*ASSIGNMENT*.
Repeat exactly the lines of the records below, starting at the line containing "ACEMAGIC MINI PC" and ending at the line containing "中国核桃加工产业链全景图,2022年核桃市场分析". Leave the pictures out.

*TASK INPUT*.
────
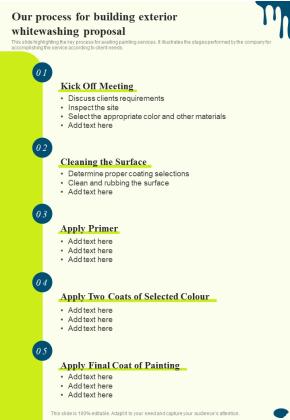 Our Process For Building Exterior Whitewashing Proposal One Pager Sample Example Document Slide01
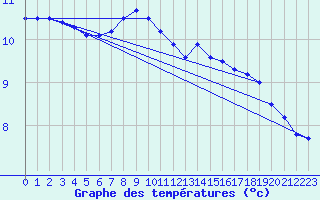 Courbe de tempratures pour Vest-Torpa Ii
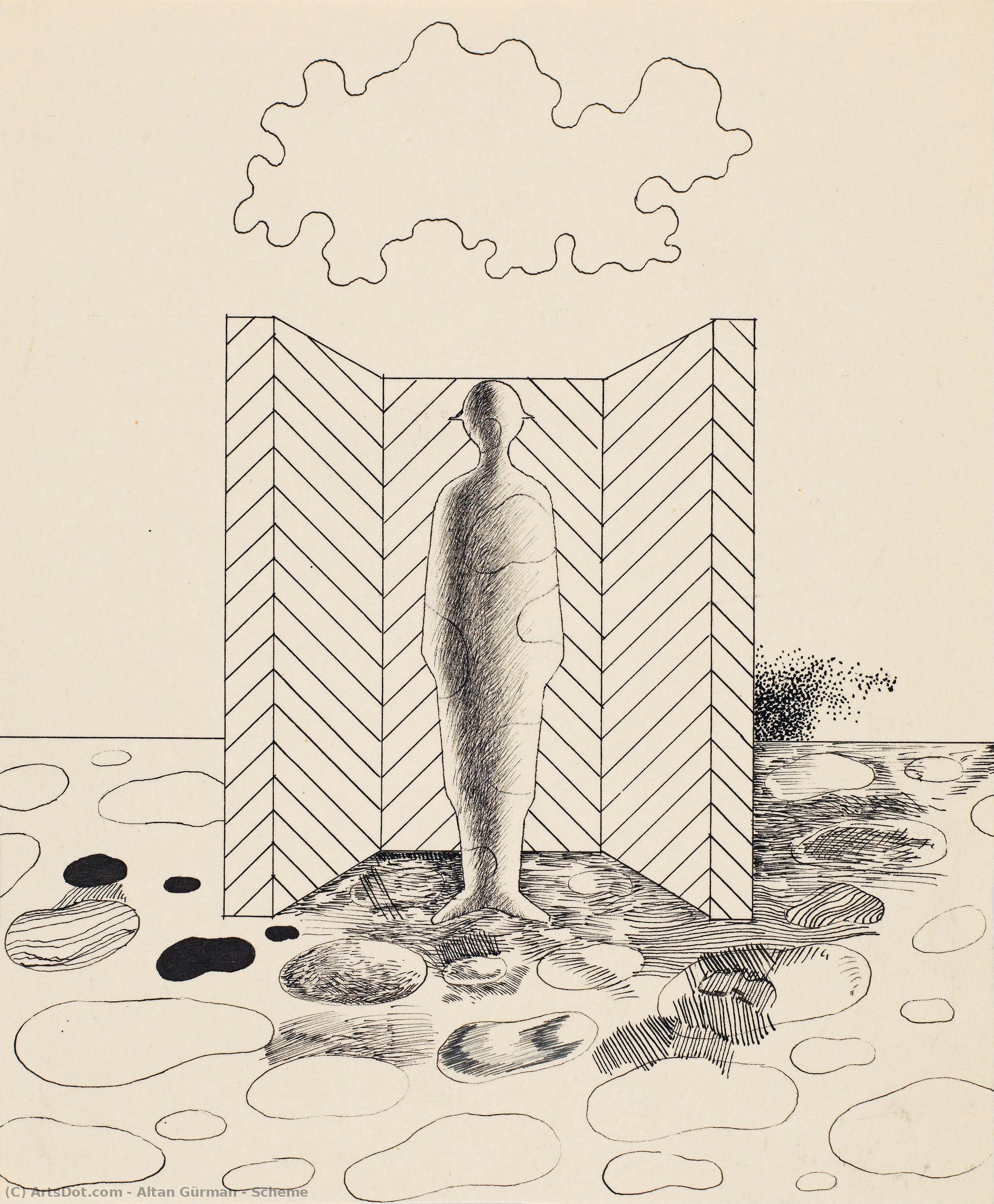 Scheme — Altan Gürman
────
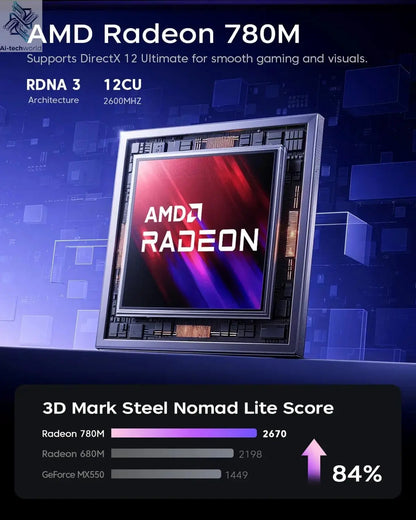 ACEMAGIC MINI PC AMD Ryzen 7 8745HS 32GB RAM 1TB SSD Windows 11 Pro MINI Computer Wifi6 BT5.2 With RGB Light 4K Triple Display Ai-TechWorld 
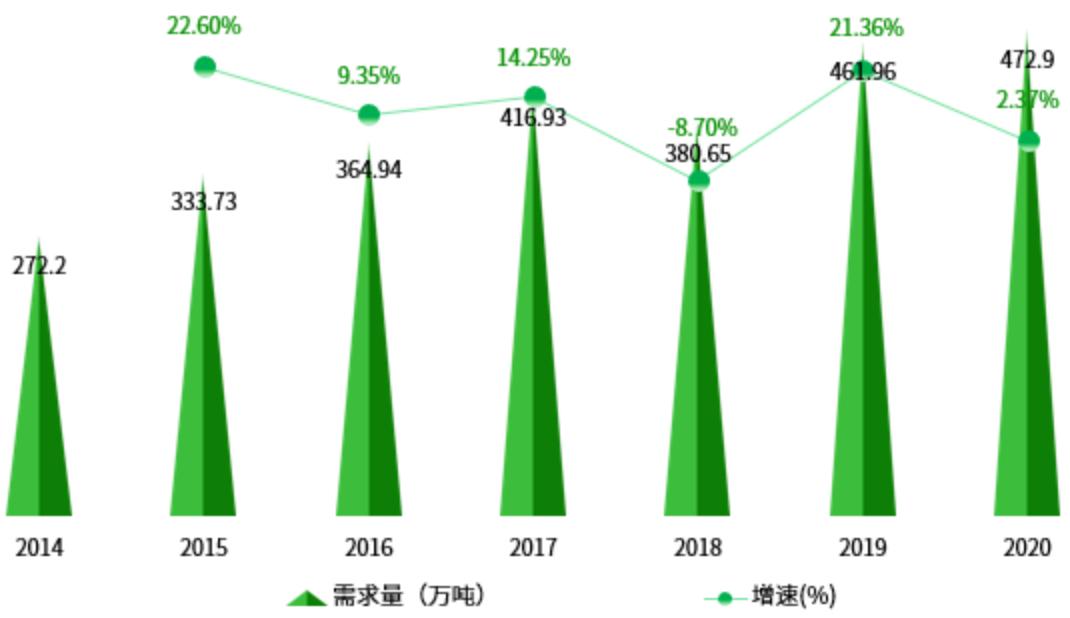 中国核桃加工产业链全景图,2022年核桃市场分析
────
*ANSWER SPACE*.
 ACEMAGIC MINI PC AMD Ryzen 7 8745HS 32GB RAM 1TB SSD Windows 11 Pro MINI Computer Wifi6 BT5.2 With RGB Light 4K Triple Display Ai-TechWorld 
 中国核桃加工产业链全景图,2022年核桃市场分析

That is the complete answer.